Going forward, United will have such an abundance of options that it almost feels like being spoiled. At right back, Miller is still only 21 and looks like he still has plenty to learn. In central defense, we're looking at the guys who can't get a game for a team that has struggled at center back all season. On the left, Krzysztof Krol was given a second chance in MLS by Frank Klopas for reasons I will never understand.

With Miller, the best solution is to present him with complicated decisions and/or a lot of moving parts. On the other side, Krol is too slow and can be caught dallying on the ball. Down the middle, there's a distinct lack of focus. Danso is, if anything, more comfortable scrambling to provide emergency cover than he is at the sort of back-to-goal defending that good teams produce. Lefevre, meanwhile, looks a bit clumsy and like Krol can be beaten for quickness.

So getting past the back four shouldn't be an issue, but this 4231 means the Impact have a one-man advantage in the midfield. The good news is that Romero is a converted forward who doesn't defend with much vigor, and Duka tends to want to stay high as much as possible. That, along with the deep starting points for Bernier and Mallace, leaves gaps that Montreal struggles to fill. United may actually be able to dominate possession if Lewis Neal is chosen to start in place of Davy Arnaud, whose ankle is being rested for the playoffs.

On set pieces, Montreal does have some good targets in the form of Danso, Lefevre, and Mallace. However, they have scored a grand total of zero set piece goals in MLS this season. Part of the issue is a lack of any particularly gifted set piece taker, but the bigger problem is that they lack the sort of mentality that leads to set piece goals. There's a lack of aerial aggression and a certain lack of hunger to win 1v1 battles in the box.

Naturally, those problems pop up at the other end, but an even bigger problem is a lack of focus. The Impact are the kind of team that seems to have everyone covered only to completely lose their marks once the ball is in the air. It's bizarre given the number of veterans they field in defense, which makes me wonder how much set pieces are even emphasized at all in training. Regardless of the cause, this is an avenue for United to create some real danger.
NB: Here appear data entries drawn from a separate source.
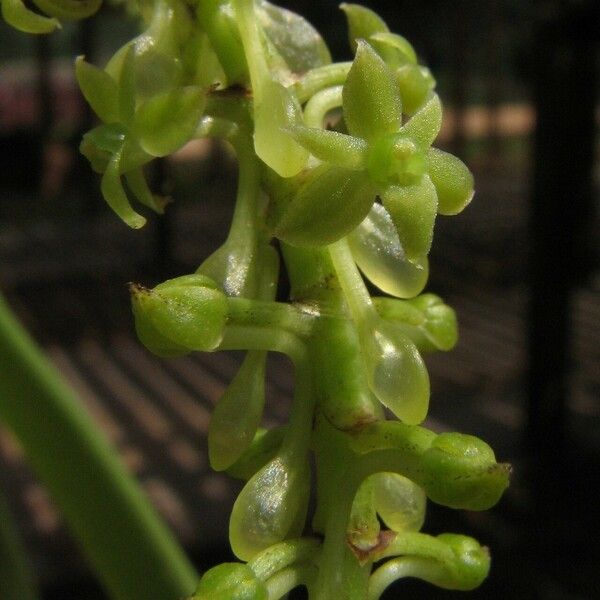 Diaphananthe vesicata Floare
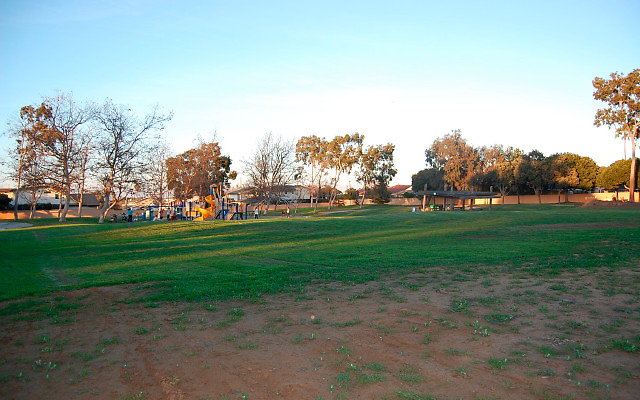 DSC 0688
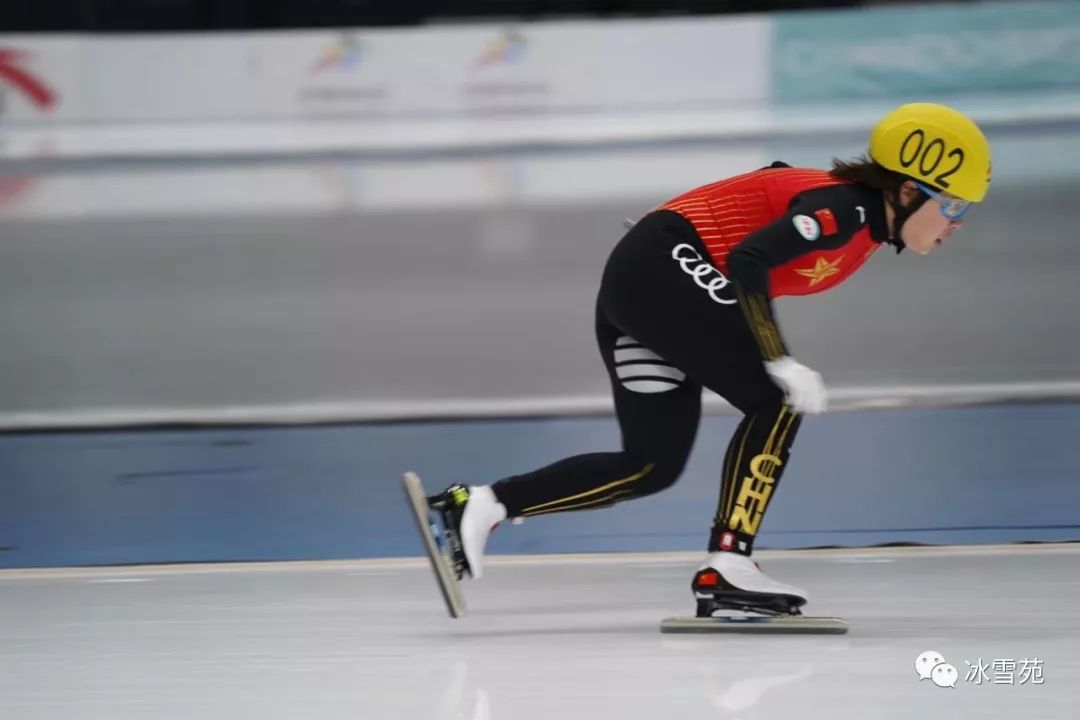 换个身份继续战斗,周洋卫冕东奥冠军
On the balance, United should be able to use this game as one last confidence boost before the playoffs begin. The Impact are tired in the midfield, starting a new-look defense, and will likely be selling out on offense to set Di Vaio up for a goal. However, therein lies a problem: Unabashedly trying to feed Di Vaio might actually be a better attacking strategy for l'Impact than anything else they can produce without Piatti or Mapp.